Sur le sentier, un mouvement furtif dans les buissons au bord du lac attire notre regard. D’un terrier, surgis une tête de peluche curieuse. La bestiole nous regarde sans vraiment avoir peur, sachant que son terrier, qu’elle ne quitte pas, est un refuge inexpugnable où les gros humains maladroits que nous sommes n’auront jamais accès. Et puis j’imagine que depuis des générations cette charmante bestiole ne doit pas bien craindre l’homme qui préfère chasser son semblable.

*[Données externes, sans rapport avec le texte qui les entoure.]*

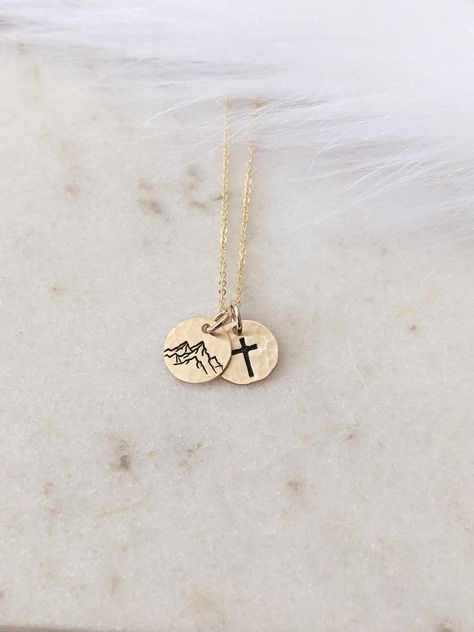 Christian Jewelry Elevated Faith, Simple Christian Jewelry, Christian Wedding Necklace, Cute Christian Necklaces, Christian Necklace Aesthetic, Christian Accessories Jewelry, Gold Christian Jewelry, Christian Jewelry Aesthetic, Esty Shop.com Jewellery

Un petit tour sur Internet, m’informe que l’animal est surnommé chululo ou tuco-tucos (Ctenomys fulvus) et, est un cousin éloigné de la marmotte et du viscache. Un rongeur qui vit en colonie proche d’un point d’eau et qui a pour seul but de transformer le sous-sol en gigantesque labyrinthe de tunnels. Il vaut mieux voir cette bestiole au fin fond d’une plaine des hauteurs andines que le fond de son jardin.
Et comme un bonheur n’arrive jamais seul, sa voisine, un petit mulot tout droit sorti d’un dessin animé, miss Pericote (Phyllotis andium) vient faire une visite de politesse. Quelques badineries, des regards timides dans notre direction et chacun regagne son terrier, nous laissant rallier le nôtre.

Santiago et Gabriel ont installé un barbecue près du refuge des gardes du parc et sur une petite table, quelques salades attendent les convives. Les grillades embaument l’air de leurs fumets gourmands, et les bouteilles de carmenères se débouchent en de joyeux pop.
Mais le ciel nous rattrape, il fait noir comme dans le fourneau du Diable, rien de bon ne vient du nord et des montagnes.

Nous donnons tous un coup de main pour ranger le matériel et finirons notre pique-nique dans le minibus. L’ambiance est bonne, nous ne pouvons rien contre les éléments, mais avons définitivement rayé de notre vocabulaire : Atacama, désert le plus aride du monde.

Aussi rapidement que la géographie des lieux le permet, nous rejoignons l’asphalte de la Ruta 27 et rentrons en direction de San Pedro.
Au fur et à mesure de notre ascension vers le col perché à plus de 4 800 mètres, la pluie se transforme en neige. Des flocons gros comme des assiettes à tarte viennent se jeter sur le pare-brise et y restent. Le système d’essuie-glace est tombé en panne hier…
S’ensuivent de très longues minutes de silence que seules les cliquetis des ceintures de sécurité des passagers viennent troubler. Même notre loquace guide se tait et se concentre sur son rôle de copilote. 
Gabriel doit conduire avec une partie du corps à l’extérieur pour tenter de deviner la route. Un chiffon balaie de temps en temps une partie du pare-brise pour y voir quelque chose. Le silence est aussi total que le stress.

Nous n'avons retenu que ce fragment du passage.